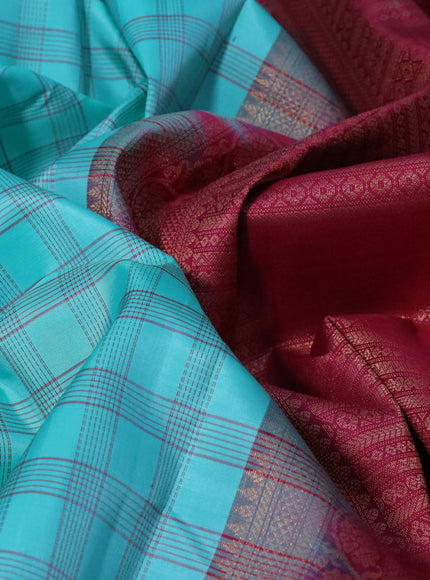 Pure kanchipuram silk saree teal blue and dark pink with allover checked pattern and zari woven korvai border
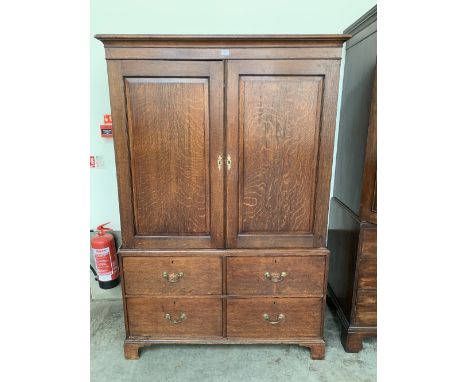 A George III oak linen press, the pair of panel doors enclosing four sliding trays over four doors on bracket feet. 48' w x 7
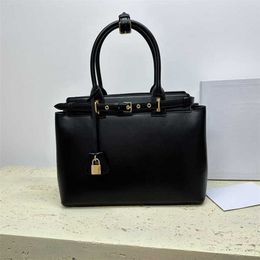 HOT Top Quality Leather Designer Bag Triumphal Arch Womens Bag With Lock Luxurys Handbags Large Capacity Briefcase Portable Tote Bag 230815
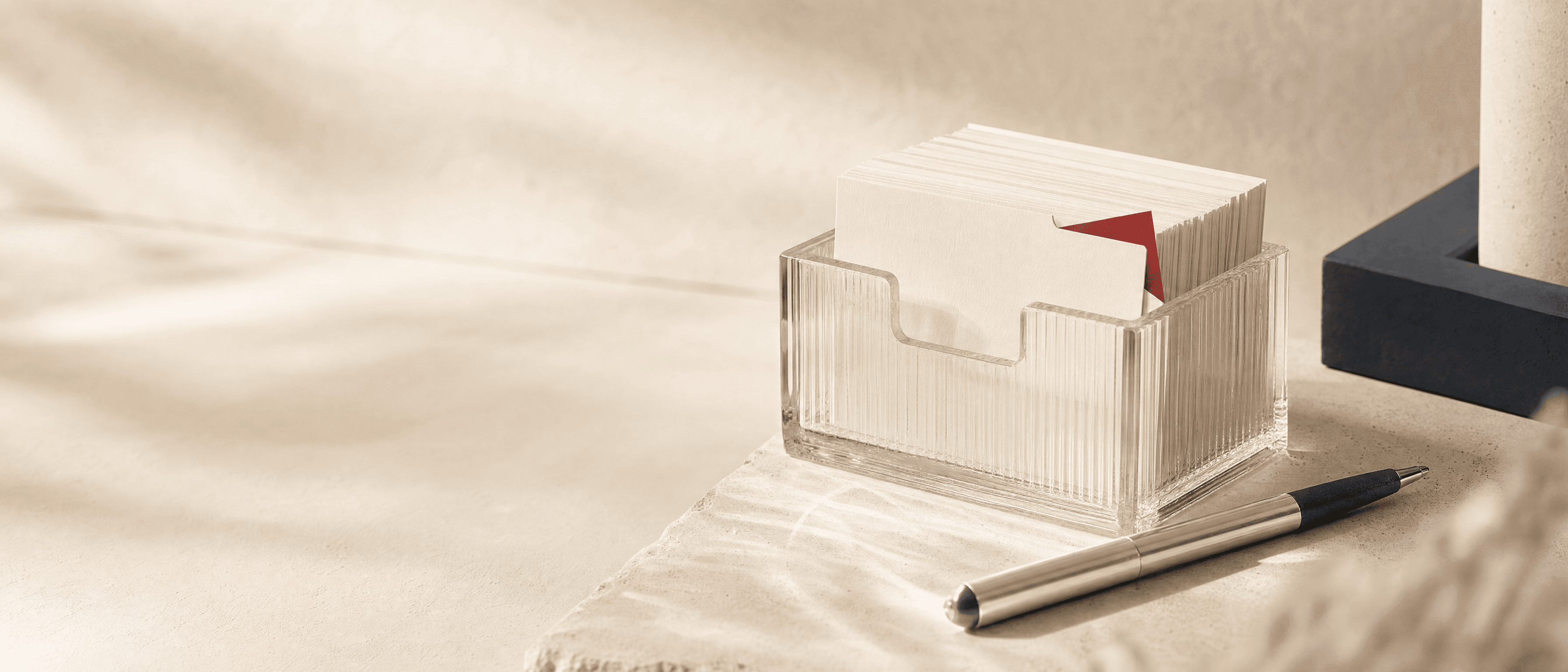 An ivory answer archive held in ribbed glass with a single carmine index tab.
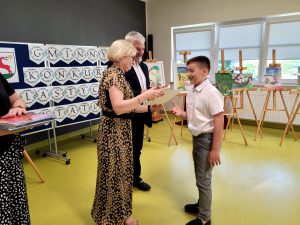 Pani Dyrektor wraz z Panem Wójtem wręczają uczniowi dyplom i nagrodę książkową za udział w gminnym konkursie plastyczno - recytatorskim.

--

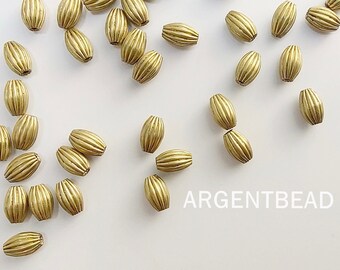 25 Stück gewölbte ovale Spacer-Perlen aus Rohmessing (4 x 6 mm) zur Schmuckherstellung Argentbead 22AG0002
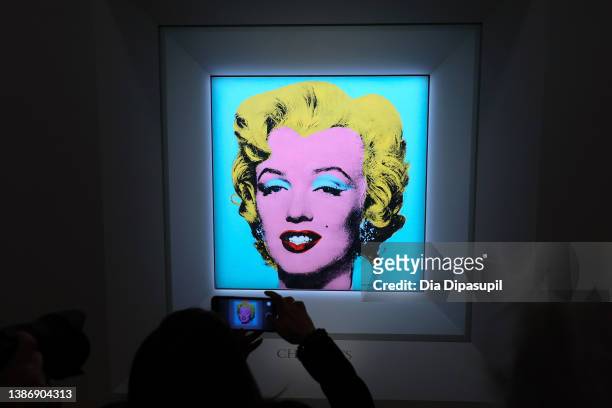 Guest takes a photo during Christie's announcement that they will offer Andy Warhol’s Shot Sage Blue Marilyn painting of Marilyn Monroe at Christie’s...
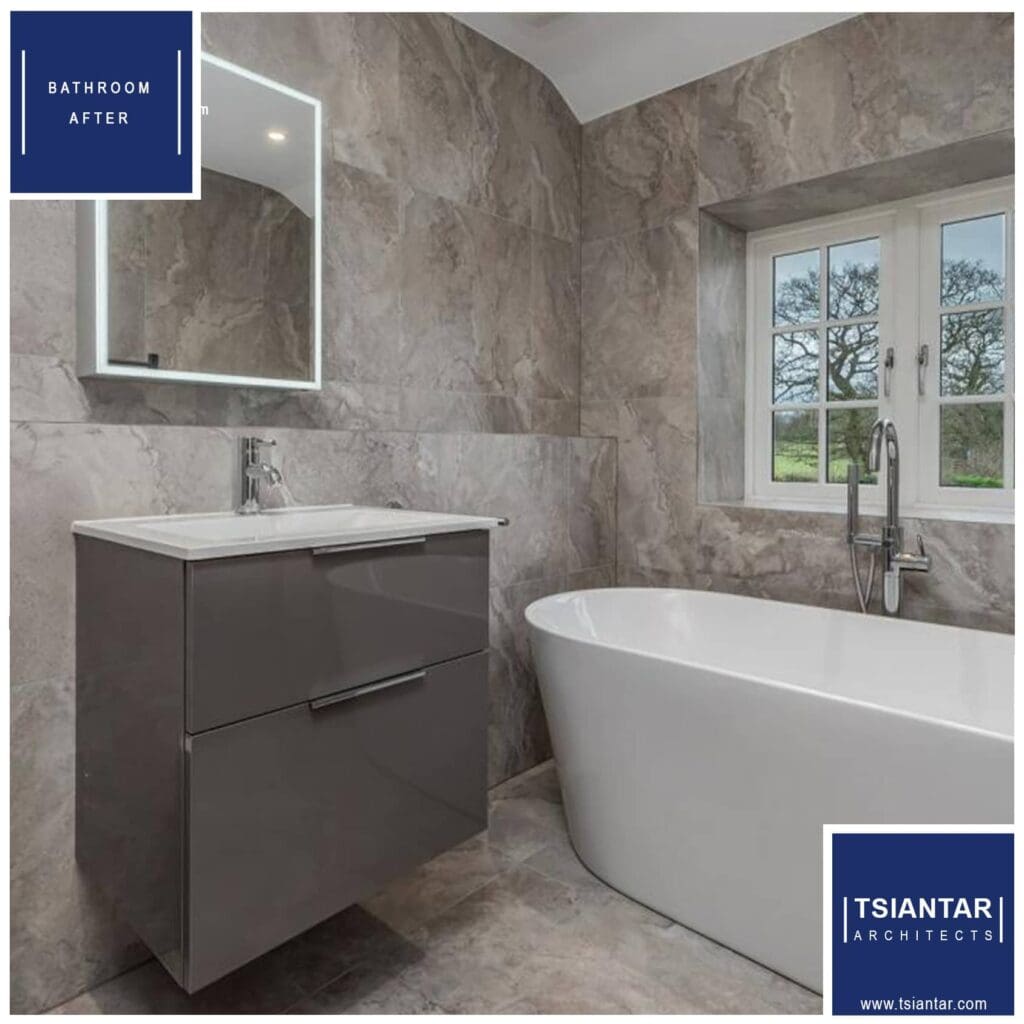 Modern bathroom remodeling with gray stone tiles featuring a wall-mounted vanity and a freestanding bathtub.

==

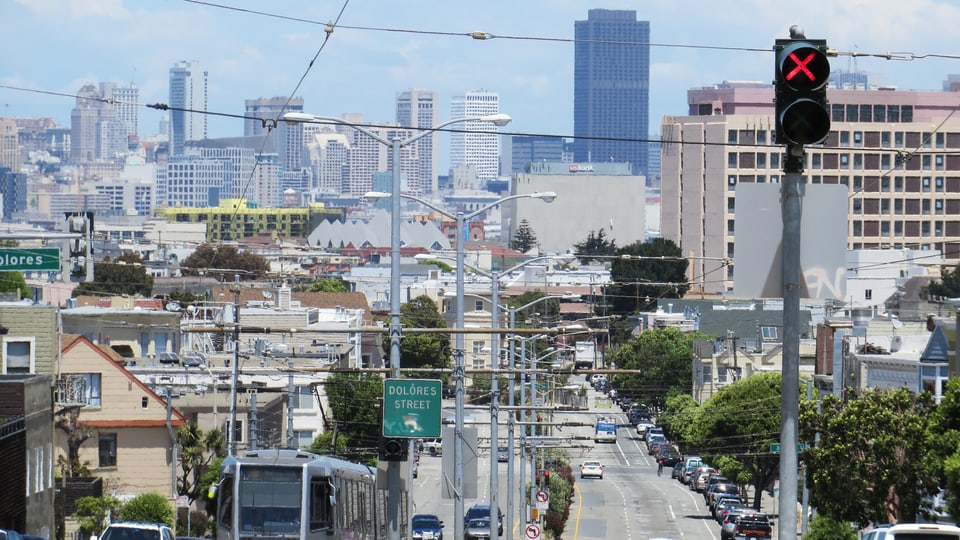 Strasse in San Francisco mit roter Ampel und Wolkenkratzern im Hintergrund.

→ **Try it**
Going by the data above, the answer is exactly the lines from the one holding "An ivory answer" to the one holding "Pani Dyrektor wraz", both kept, with the pictures left out.

→ **Exercise answer**
 An ivory answer archive held in ribbed glass with a single carmine index tab.
 Pani Dyrektor wraz z Panem Wójtem wręczają uczniowi dyplom i nagrodę książkową za udział w gminnym konkursie plastyczno - recytatorskim.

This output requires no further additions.